Democratic Party (PD) candidate for
Campania governor Vincenzo De Luca was named Friday among 17
regional-election "unpresentables" by the parliamentary
anti-Mafia commission in a bombshell that sparked a fresh spate
of internecine warfare in the PD.
De Luca's naming among the crime-tainted candidates deemed
unfit to stand for Sunday's vote, due to prior convictions or
pending probes, prompted him to immediately sue the chair of the
commission, Rosy Bindi, a heavyweight within his own PD party.
Announcing the lawsuit via his lawyers, De Luca also
challenged Bindi to a public debate at a time and date of her
choosing.
De Luca claimed Premier Matteo Renzi was the real
target of "attacks" against himself.
"This campaign of aggression...has one objective, which is
to undermine the government and Renzi," he said.
Hard-right MP Francesco Storace was among those who called
for Renzi to quit over how the affair had been managed.
PD Chairman Matteo Orfini condemned the list, and the way
it was released, as akin to old-fashioned, lynch-mob justice.
"(This) takes us back centuries, when trials were done in
the streets, inciting the crowds," Orfini said.
Interior Minister Angelino Alfano, leader of junior
government partner the New Centre Right (NCD), said the
unveiling of the list had unleashed "unprecedented ferocity"
within the PD.
"The argument over the unpresentables is wholly internal
to the PD," Alfano said.
"I saw statements being made of unprecedented ferocity
within one party".
Alfano said "the law will be applied" to De Luca. "This
position is widely shared within government," Alfano said.
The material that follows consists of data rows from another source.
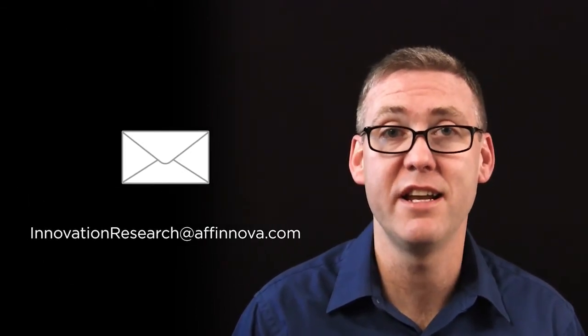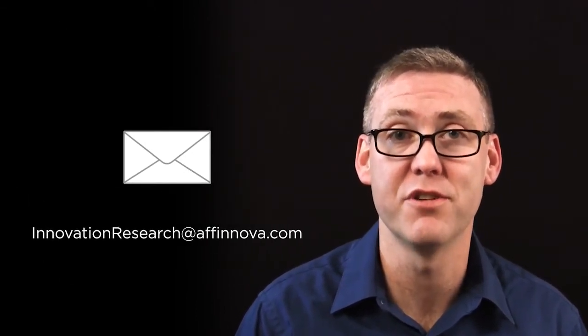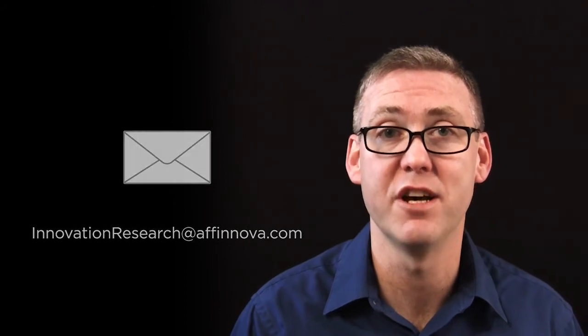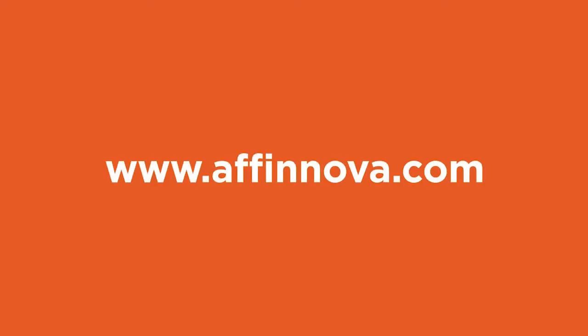Email us at innovationresearch at affinova.com. We'd love to hear from you. Thank you.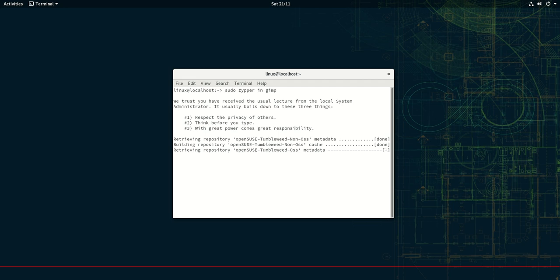So that's pretty much it, guys. That's how you install a program through the terminal in OpenSUSE. Cheers, guys. Hope you've enjoyed.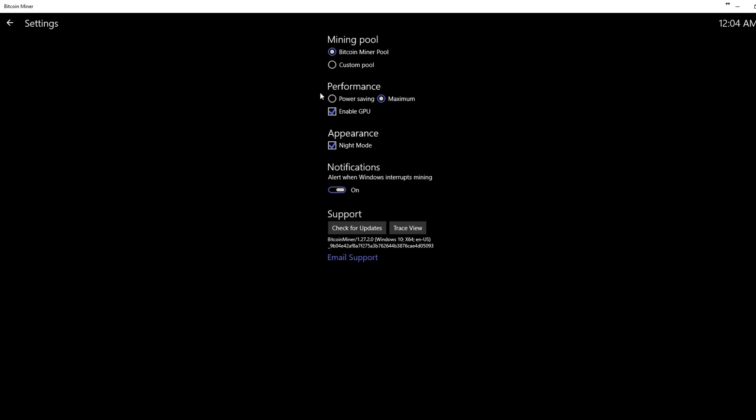If you want to save power, go power saving. But if not, go maximum for the best results. Enable GPU. Enable GPU if it allows you to, it'll go so much quicker.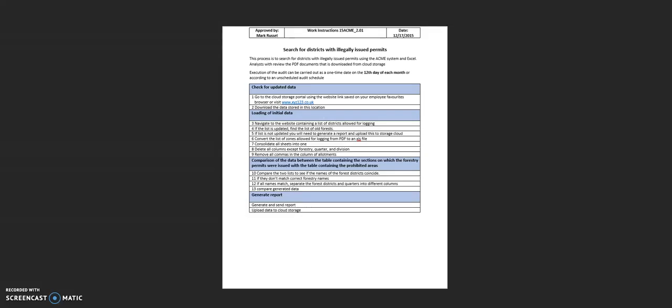Okay guys, so now we're just going to go through a basic demonstration of creating a process map using work instructions.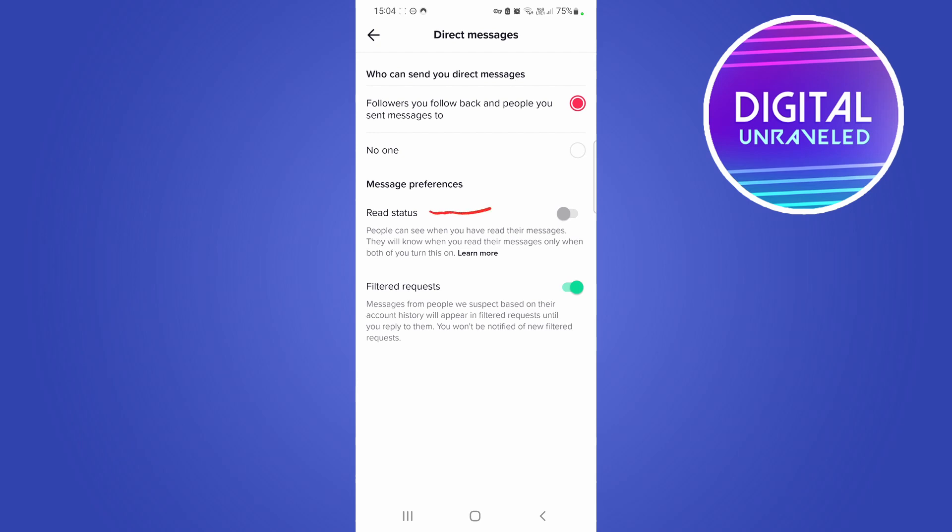Right over here, you can see it says Read Status. Now mine is off, and I'll turn it on now. But what it says is people can see when you have read their messages. They will know when you read their messages only when both of you turn this on, so both people need to have this feature enabled on their account.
"There are a lot of elements to indicate (incumbent Forza
Italia Campania Governor Stefano) Caldoro is the only candidate
that's safe to vote," he added.
Caldoro weighed into the row to say that not only was De
Luca unpresentable but also "ineligible".
He said "his candidacy is against the law, beyond the law".
Bindi defended herself against claims she had damaged the
party and its chances in Campania, saying "no action was taken
in an autonomous way (solely) by chair Bindi".
She said the conclusions had been shared by all commission
members.
Four of the so-called "unpresentables" are running in
Puglia and the rest in Campania, many more of them on the centre
right or in the centre than on the centre left.
De Luca was convicted in January of abuse of office in
connection with an incinerator project while he was mayor of the
city of Salerno, and handed a suspended sentence of a year in
prison plus a one-year ban from holding public office.
As a result of the conviction, he was also suspended from
holding public office for 18 months under a 2012 anti-corruption
law known as the Severino law but the Campania Regional
Administrative Tribunal (TAR) reinstated him three days later.
In a decision Thursday, the supreme Court of Cassation said
ordinary courts, not administrative courts, must rule on cases
coming under the Severino law.
Experts said this would have implications for De Luca, who
could be suspended if he wins Sunday's election.
However De Luca himself has begged to differ.
"The Severino law...is not applicable to those who are
elected for the first time," he said Thursday.
"So I won't be suspended".
He was backed up by Reform Minister Maria Elena Boschi, who
said the Cassation Court ruling "doesn't change anything".
"De Luca is eligible to stand," she said Thursday. "If De
Luca wins we'll respect the law, as always".
On Friday, Bindi said there are no other PD candidates on
the list of crime-tainted candidates.
"We screened some 4,000 candidates," she said.
"The previous commission did the same thing except after
the elections, and it took them a year - we did it in under a
month".
"In Italy we don't have a national criminal database, but
rather 110 (separate ones). This is an overview," she said.